From: Philippe Verdy (verdy_p@wanadoo.fr)
Date: Sun Dec 07 2003 - 05:40:27 EST

  • Next message: Peter Jacobi: "RE: Transcoding Tamil in the presence of markup"

    John Hudson writes:
    > At 03:53 PM 12/6/2003, Philippe Verdy wrote:
    >
    > >Still this is an interesting problem: some texts for example want to
    > >exhibit some diacritics added to a base letter with a distinct color,
    > >notably in linguistic texts related to grammar or orthography.
    > >
    > >So for example you could want to exhibit the difference between the two
    > >French words "désert" and "dessert" by coloring the accent of the first
    > >word or the second s of the second; or even more accurately between
    > >"bailler" (concéder un bail, des baux) and "bâiller" (ouvrir en grand)
    > >where the presence or absence of the circumflex on letter 'a' is
    > >necessary to reflect the difference of both meaning and pronounciation.
    >
    > The way to do this is to decompose bases and marks at the glyph level if
    > they are not already decomposed at the character level, and then
    > to apply a colour to the mark.

    You're saying exactly what I said and I included an example, read further
    my message...

    The only problem is to find a way not only to decompose characters (this is
    easy), but to avoid creating defective grapheme clusters, whilst also
    maintaining the graphical composition layout (i.e. glyph positioning).

    Suppose that you wanted to color the middle vowel of a Hangul syllable
    cluster, you would be in big troubles as decomposing syllables and
    coloring jamos independantly would create separate strings that would
    not be easy to position relatively as the middle vowel jamo has a
    layout which depends on its surrounding consonnant jamos...

    Without a specific support in the (non-Unicode) style engine, solutions
    based on decompositions of characters may become tricky...

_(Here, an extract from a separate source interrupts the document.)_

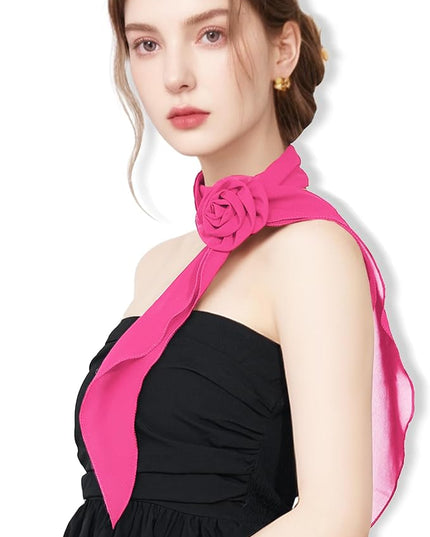 Chiffon Scarf for Women, Removable Flower Neck Scarf Light Soft Fashion Rose Scarves Versatile Headband or Hair Band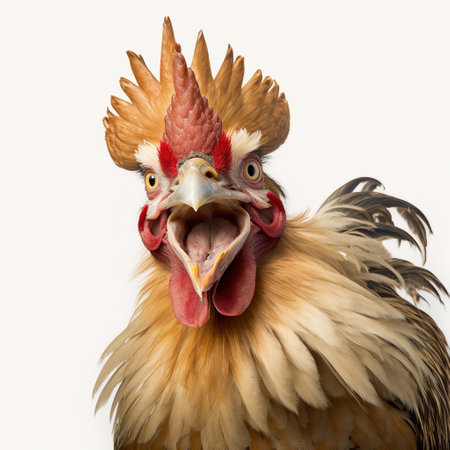 Portrait of a rooster isolated on white background, studio shotの素材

    Just one example, suppose that you want to color the circumflex above
    a lowercase i or above a uppercase A: the base letters have distinct
    widths (meaning that the diacritic has a different horizontal position),
    distinct height (meaning that the diacritic has a different vertical
    position), and a distinct contextual effect on its base letter (the
    base lowercase i should have its dot removed)...

    So decomposition is not the way to go, and characters should still need
    to be represented in a unbroken grapheme cluster, and the markup should
    be able to specify style on part of the grapheme cluster... Again here
    this is not a problem of Unicode itself.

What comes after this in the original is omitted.